(Stored data)
Start of Block
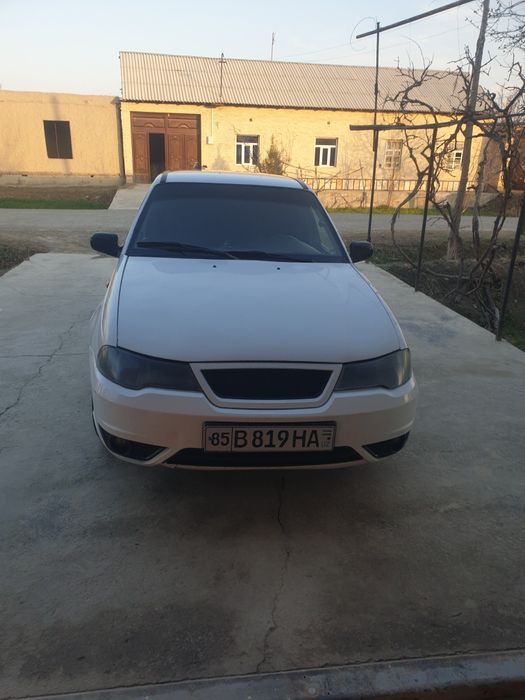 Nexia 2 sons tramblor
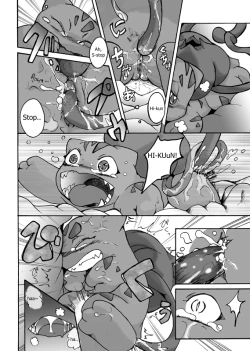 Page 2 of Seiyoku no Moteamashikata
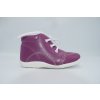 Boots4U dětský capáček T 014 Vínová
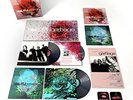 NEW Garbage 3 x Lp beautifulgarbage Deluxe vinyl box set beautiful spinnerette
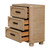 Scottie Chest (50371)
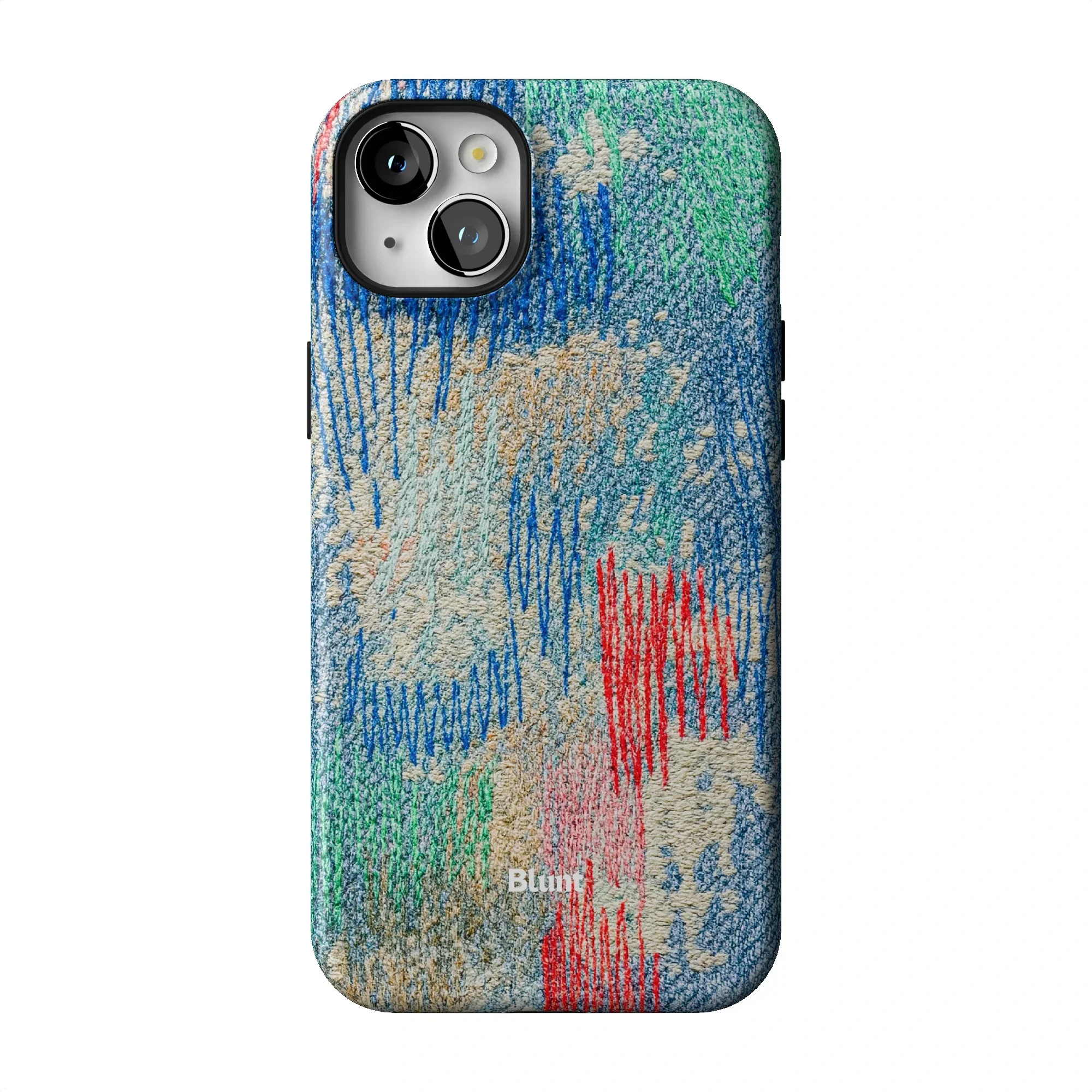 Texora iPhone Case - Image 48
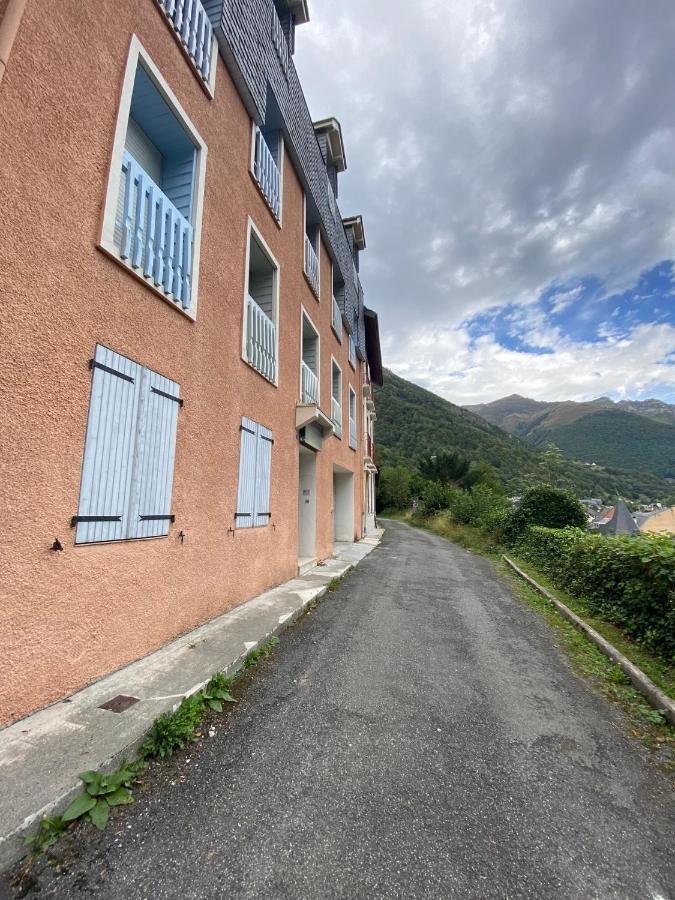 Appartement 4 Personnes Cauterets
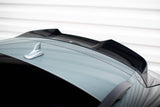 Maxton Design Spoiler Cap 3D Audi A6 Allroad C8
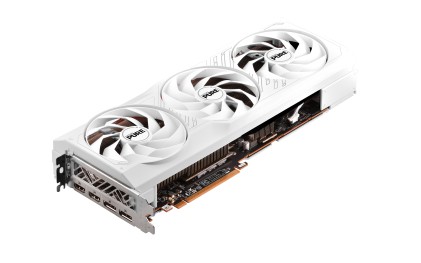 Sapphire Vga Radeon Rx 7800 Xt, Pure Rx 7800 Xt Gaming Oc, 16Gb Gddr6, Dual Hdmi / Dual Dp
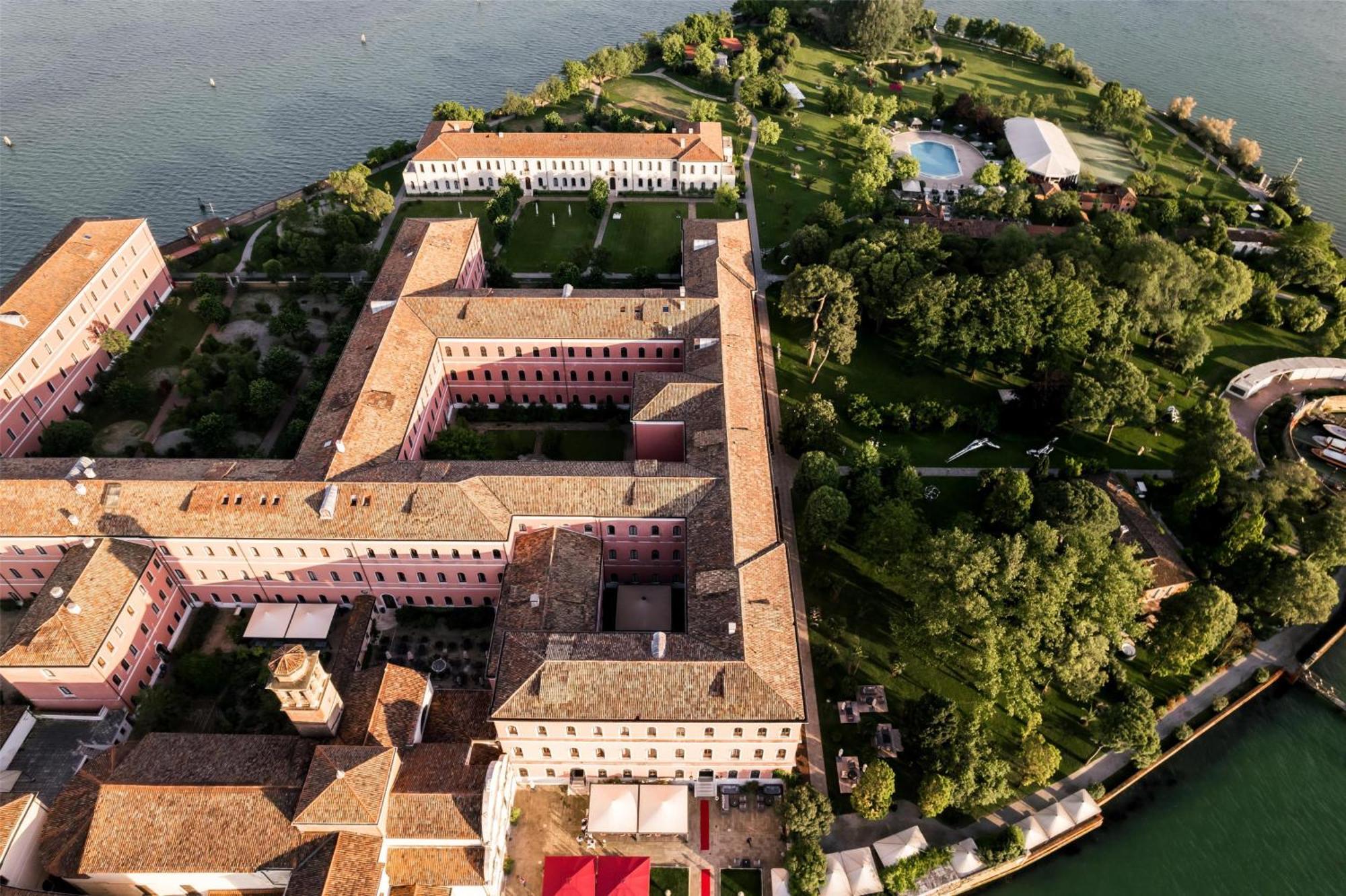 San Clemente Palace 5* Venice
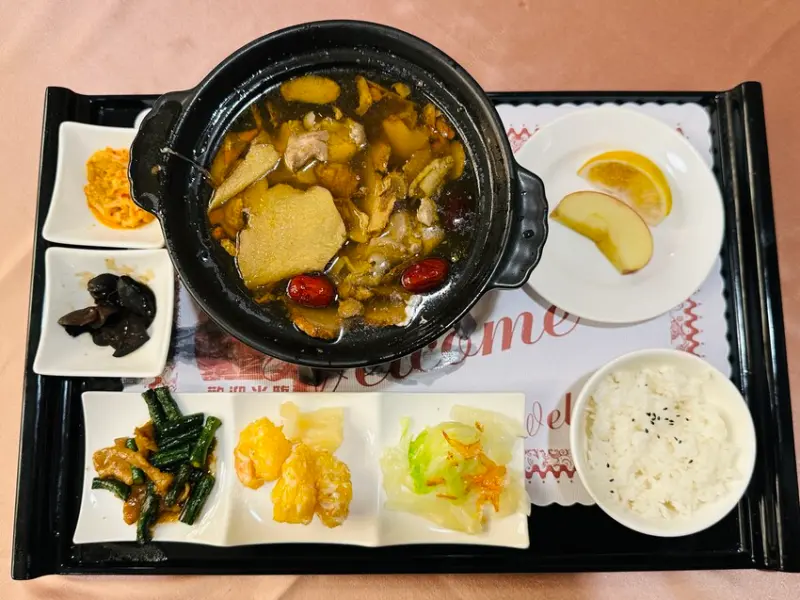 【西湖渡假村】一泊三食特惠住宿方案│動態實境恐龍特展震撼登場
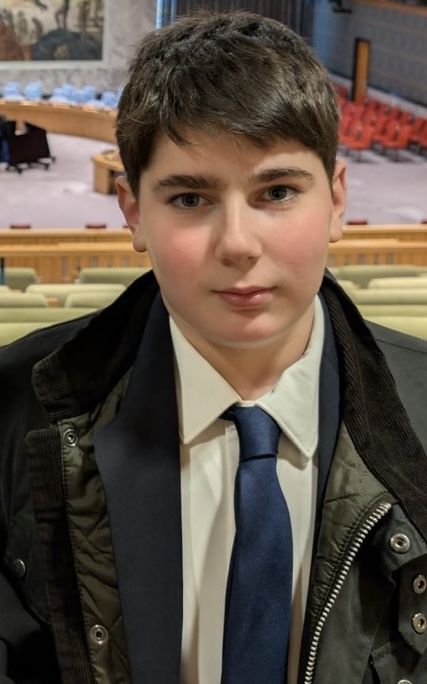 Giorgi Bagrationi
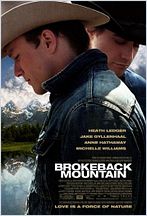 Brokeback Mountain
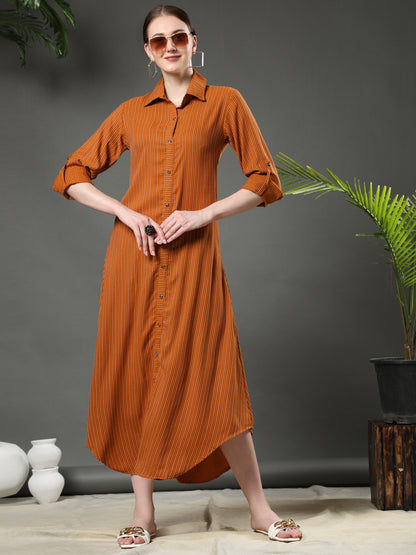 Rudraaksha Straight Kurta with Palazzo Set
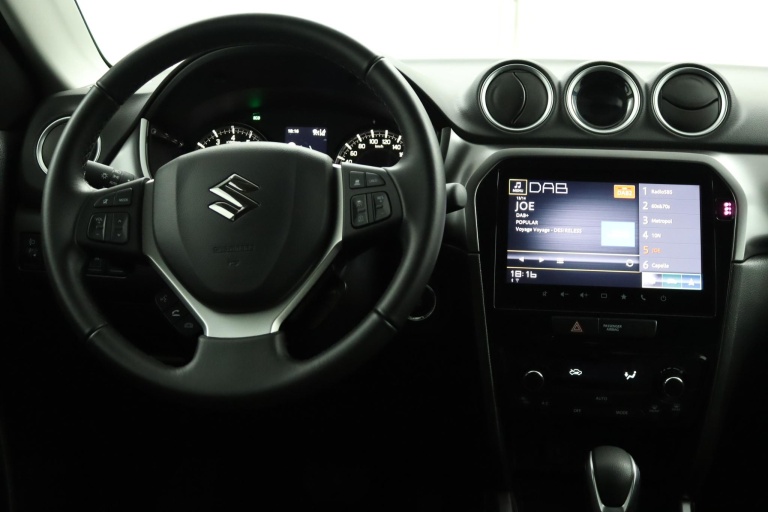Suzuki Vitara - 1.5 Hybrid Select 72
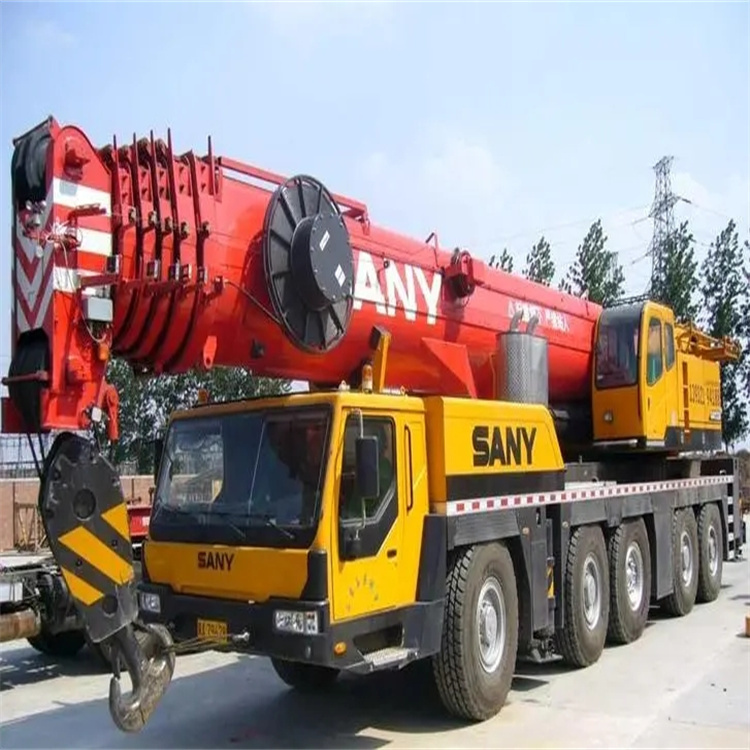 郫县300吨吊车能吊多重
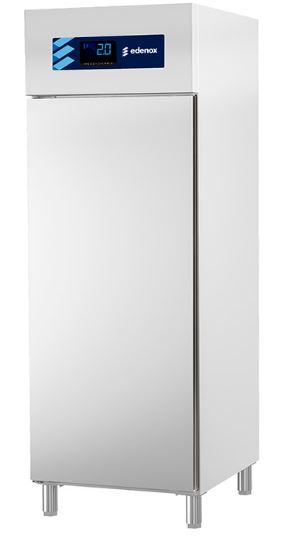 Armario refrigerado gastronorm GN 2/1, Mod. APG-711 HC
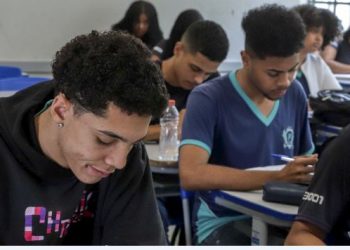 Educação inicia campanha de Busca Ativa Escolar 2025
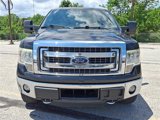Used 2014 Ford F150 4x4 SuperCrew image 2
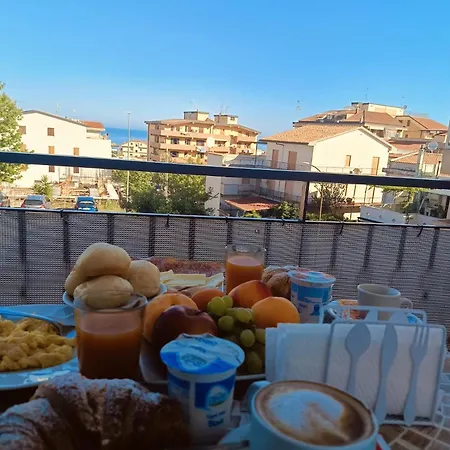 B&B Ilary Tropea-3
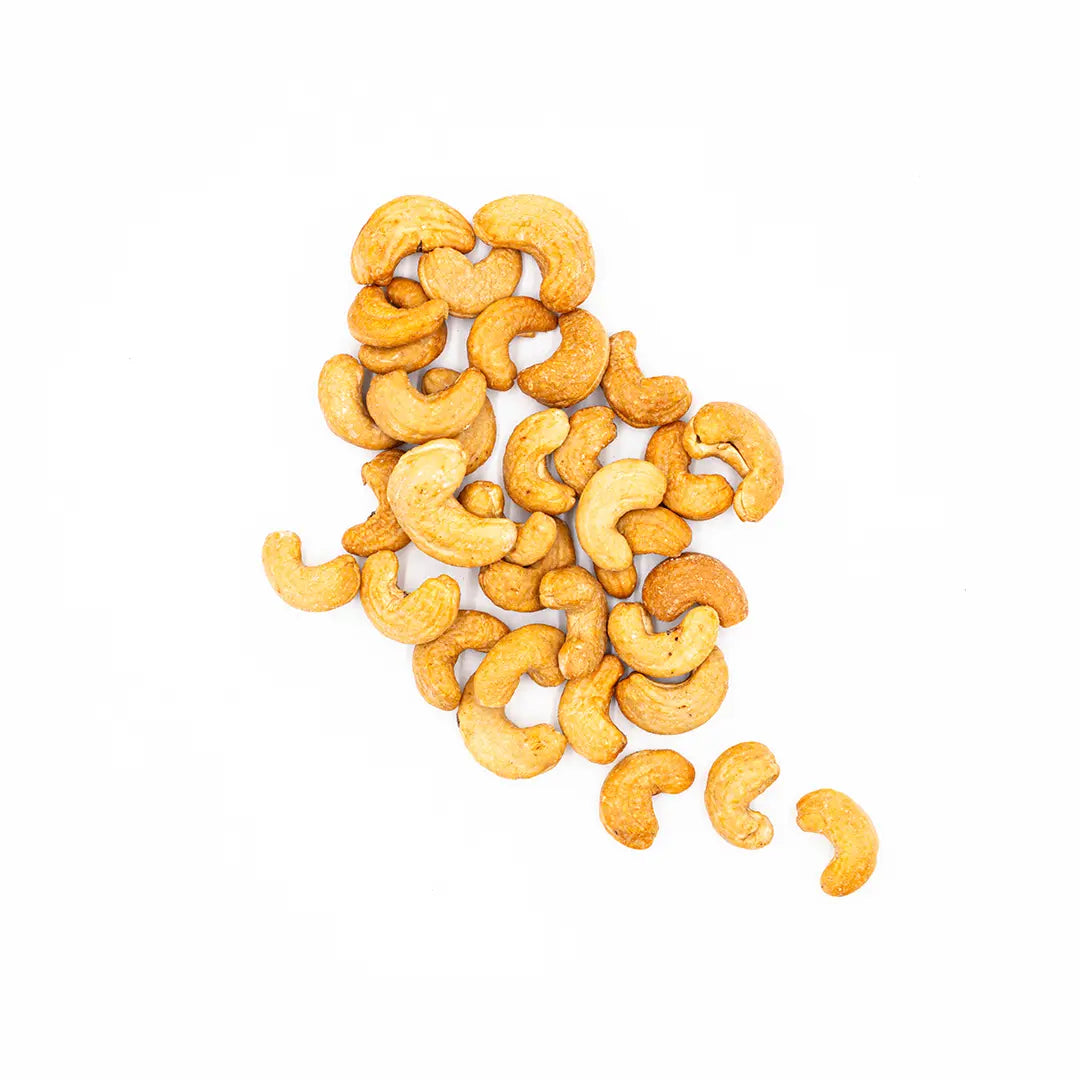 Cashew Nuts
End of Block
● **Exercise details**
From the line with "NEW Garbage 3" down to the final line of the entries above, repeat each line exactly; omit the pictures.

● **Exercise solution**
 NEW Garbage 3 x Lp beautifulgarbage Deluxe vinyl box set beautiful spinnerette
 Scottie Chest (50371)
 Texora iPhone Case - Image 48
 Appartement 4 Personnes Cauterets
 Maxton Design Spoiler Cap 3D Audi A6 Allroad C8
 Sapphire Vga Radeon Rx 7800 Xt, Pure Rx 7800 Xt Gaming Oc, 16Gb Gddr6, Dual Hdmi / Dual Dp
 San Clemente Palace 5* Venice
 【西湖渡假村】一泊三食特惠住宿方案│動態實境恐龍特展震撼登場
 Giorgi Bagrationi
 Brokeback Mountain
 Rudraaksha Straight Kurta with Palazzo Set
Suzuki Vitara - 1.5 Hybrid Select 72
 郫县300吨吊车能吊多重
 Armario refrigerado gastronorm GN 2/1, Mod. APG-711 HC
 Educação inicia campanha de Busca Ativa Escolar 2025
Used 2014 Ford F150 4x4 SuperCrew image 2
 B&B Ilary Tropea-3
 Cashew Nuts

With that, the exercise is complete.